すると、オクト部長は何を勘違いしたのか……


「そ、そんなに嫌なのか、俺のことが。…………そうであろう。そうなるようにしたのは俺だ。致し方無い。顔を見るのも不快ということだな……確認しました、本部長。この辞表を受け取ってください。……俺は、最低です」


「いやいや、これは預かっておくよ」


「ならば、配置換えを……お願いしたいのですが、よろしいでしょうか」


「君も頑固だねぇ」


「しかし、わたしといるとチルは自由を失いますので」


「もう、いいんじゃないのか? 自由を失うとかなんとか、そんな縛りはまとめてポイだ」


わたしは、本部長の腕を思わず揺すった。


「本部長! それは契約終了という意味ですか?」


「いいかい? 契約ってね、“縛るもの”じゃないんだよ。

選ばせない契約は、長く続かない。

それに、君たち、もう友達みたいに仲良くなったでしょ。

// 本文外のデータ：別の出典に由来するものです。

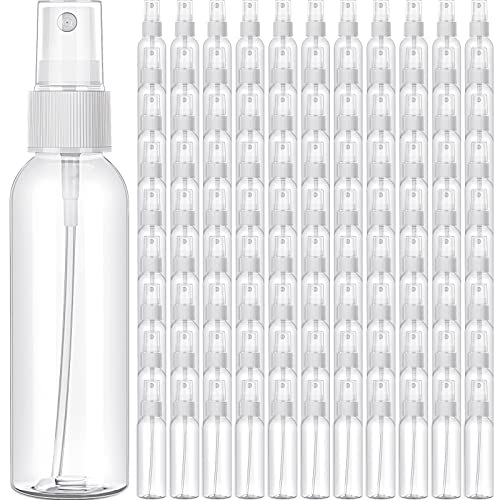 Mini Travel Spray Bottles 2 Oz Set - Clear Plastic Refillable Dispenser - 100 Pack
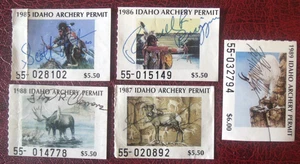 5 Idaho Archery Hunting Stamps  Lot#AA2 - Picture 1 of 1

終了じゃなく完了!」


それを聞いてオクト部長は、肩を落とした。


「そういうことだ、チル。契約は既に履行された。お前と俺は“友達”になった。それ以下でも以上でもない。これに異存は無いな」


……それで終わるはずない。

わたしは、ブンブンと思いっきり首を横に振った。


「それで終わりにしないでっ!」


だが、オクト部長は、わたしの反応など見向きもしない。

わたしに背を向けるとそのまま、すっと霞のように薄くなった。

そして、最後までこちらを見ようとはしなかった。

魔力で消えるなんて……卑怯な悪魔だ。


「嘘でしょ! さっき、いやって言ったのは、嫌いとは違う! 部長が辞めることがいやっていう意味なのにぃ! ここで消えちゃうなんて、ずるい! 友達になっても、こんなんじゃ全然嬉しくないってばぁーーーーかっ! こんなの、わたしが選んだことじゃないもん!!」


わたしは、うわっーっと机にうつ伏せになって、号泣した。


「チルさん、落ち着いて。確かに、契約は履行された。友だちになった。大丈夫……彼の行先は知ってるよ」


「無理―。もう無理―。うぇーん」


「いいから、よく聞いて。ここから先は、チルさんが選びなさい。

ここで動かなかったら、二度と会えないよ。

たぶん、オクト君は○○にいる。

ナーバスになると必ず行く場所だ。……いつも落ち着くために行く」


わたしは、泣くのをやめた。

オクト部長の背中を思い出した。


「本部長……もう最終試験とか、やめてもらっていいですか? 評価なんか要りません!」


挿絵(By みてみん)


「おっ、弱くないねー。そうだとも、どうせ正解はないからね」


わたしは、涙を拭いた。


「呼び戻します。楽しみに待っててください」


そして、わたしは小会議室を飛び出した。